Conodont facts for kids
Quick facts for kidsConodonts
Temporal range: Upper Cambrian to Upper Triassic
495–199.6 million years ago
|Reconstruction of a Conodont|
Conodonts are an extinct class of the phylum Chordata. They are now regarded as vertebrates, though the issue is still a live one.
For many years conodonts were known only from their feeding apparatus, which fossilises well. This is because most of the conodont animal was soft-bodied, so everything but the teeth were not fossilised in normal circumstances.

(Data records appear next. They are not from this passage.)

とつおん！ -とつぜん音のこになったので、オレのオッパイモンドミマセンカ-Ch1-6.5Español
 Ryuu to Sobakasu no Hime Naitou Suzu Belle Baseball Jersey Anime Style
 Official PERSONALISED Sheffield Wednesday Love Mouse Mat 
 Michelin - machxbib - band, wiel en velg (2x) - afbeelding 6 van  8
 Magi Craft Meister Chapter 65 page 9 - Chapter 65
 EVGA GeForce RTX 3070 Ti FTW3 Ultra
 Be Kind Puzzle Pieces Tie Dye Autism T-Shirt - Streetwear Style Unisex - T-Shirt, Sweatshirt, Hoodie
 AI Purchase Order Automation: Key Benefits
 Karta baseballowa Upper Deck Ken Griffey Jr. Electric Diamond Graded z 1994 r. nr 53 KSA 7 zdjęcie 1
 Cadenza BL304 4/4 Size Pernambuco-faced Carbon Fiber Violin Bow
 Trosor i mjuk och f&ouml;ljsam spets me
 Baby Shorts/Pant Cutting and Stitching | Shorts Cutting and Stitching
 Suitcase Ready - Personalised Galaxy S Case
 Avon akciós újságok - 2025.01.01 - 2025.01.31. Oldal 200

It was not until early 1980s that the conodont teeth were found with trace fossils of the host organism. It came from the Lower Carboniferous lagerstätte near Edinburgh, Scotland.
The 'teeth', called conodont 'elements', are very common in the fossil record, and have been used in biostratigraphy.
They are also used as palaeothermometers. This is because under higher temperatures the phosphate undergoes colour changes, which are measured with the conodont alteration index. This has made them useful for petroleum exploration in rocks dating from the Cambrian to the Upper Triassic.
Description of the animal
Eleven fossil imprints of conodont animals are known. They depict an eel-like creature with 15 or, more rarely, 19 elements forming a bilaterally symmetrical array in the head. This array was a feeding apparatus different from the jaws of modern animals.
There are three forms of teeth, coniform cones, ramiform bars, and pectiniform platforms, which may have performed different roles.
The organisms range from a centimeter or so to the giant Promissum, 40 cm in length. It is now widely agreed that conodonts had large eyes, fins with fin rays, chevron-shaped muscles and a notochord.
The entire class of Conodonts, or at least what was left of them at the time, were wiped out by the Triassic–Jurassic extinction event, which occurred roughly 200 million years ago.